2. A apreciação do inventário dos bens, direitos e obrigações patrimoniais, a respetiva avaliação e a apreciação e votação dos documentos de prestação de contas do ano anterior devem ter lugar na sessão ordinária de abril, e a aprovação das opções do plano e da proposta de orçamento para o ano seguinte na sessão de novembro.


Lei 75/2013



                                                                 Funcionamento

                                                                   Artigo 27.º
                                                                   Sessões ordinárias



2 - A apreciação do inventário dos bens, direitos e obrigações patrimoniais, a respetiva avaliação e a apreciação e votação dos documentos de prestação de contas do ano anterior devem ter lugar na sessão ordinária de abril, e a aprovação das opções do plano e da proposta de orçamento para o ano seguinte na sessão de novembro ou dezembro (...)

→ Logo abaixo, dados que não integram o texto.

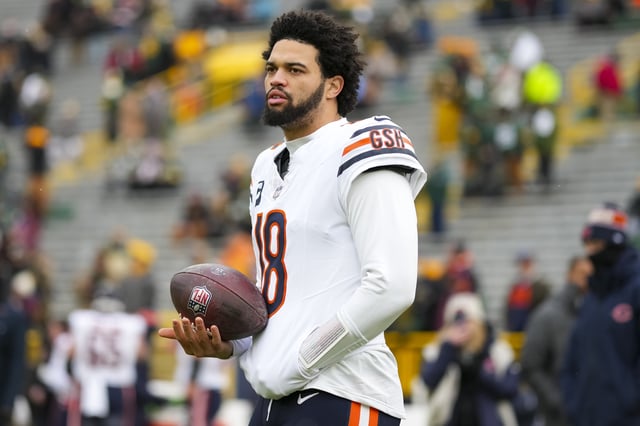 GREEN BAY, WISCONSIN - JANUARY 5: Quarterback Caleb Williams #18 of the Chicago Bears warms up prior to an NFL football game against the Green Bay Packers, at Lambeau Field on January 5, 2025 in Green Bay, Wisconsin.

PARECER APRESENTADO COMO DEFESA PARA A LEGALIDADE DA SESSÃO

Lei n.º 73/2013, de 12 de Setembro

Artigo 45º

Calendário Orçamental


1 - Sem prejuízo do disposto no número seguinte, o órgão executivo apresenta ao órgão deliberativo, até 30 de novembro de cada ano, a proposta de orçamento municipal para o ano económico seguinte.
2 - Nos casos em que as eleições para o órgão executivo municipal ocorram entre 30 de julho e 15 de dezembro, a proposta de orçamento municipal para o ano económico seguinte é apresentada no prazo de três meses a contar da data da respetiva tomada de posse.



5 – Para terminar em beleza, sem me comprometer com a minha subjectividade, coloquei uma questão que se impõe ao espírito do velho Comendador Messias Baptista: o que achou Vossa Senhoria desta Assembleia?


- Olhe, meu caro amigo, no geral, não gostei.

Começando por Carlos Cabral, esteve mal, muito mal mesmo! O velho professor não se pode esquecer que ali, naquele espaço deliberativo e fiscalizador, é o presidente da Assembleia Municipal e não o eleito pelo Movimento Mais e Melhor. Ali, a sua posição deve e tem que ser imparcial, devendo apenas obediência ao conclave. Não foi o que pareceu ontem.

Por conseguinte, deve concorrer para a harmonia e colocar de lado velhos ressentimentos.


- No tocante à bancada do PS, uma lástima, meu caro senhor!

Se consideraram ter razão, votavam contra o Orçamento com declaração de voto e recorriam para o Plenário da Assembleia. Mas mantinham-se no seu lugar. Ao saírem esqueceram que foram eleitos para ocupar aquelas cadeiras em representação do povo. O que pareceu ali foi que o ressabiamento fala mais alto. E assim, tocados pela vingança, não vamos lá.


- No tocante ao executivo liderado por António Jorge Franco, este dissenso em formato de guerrilha contribui para cortar a esperança nele (executivo) depositada.

Deveria ter tido o cuidado de apresentar as Grandes Opções do Plano e Orçamento mais cedo, na última reunião ordinária. Se foi descuido de funcionário indague-se, e responsabilize-se. Mas evite-se estas cenas lamentáveis para futuro.

Relembrar os erros passados – como é o caso das actas em falta – não desonera de lapsos que vão ocorrendo.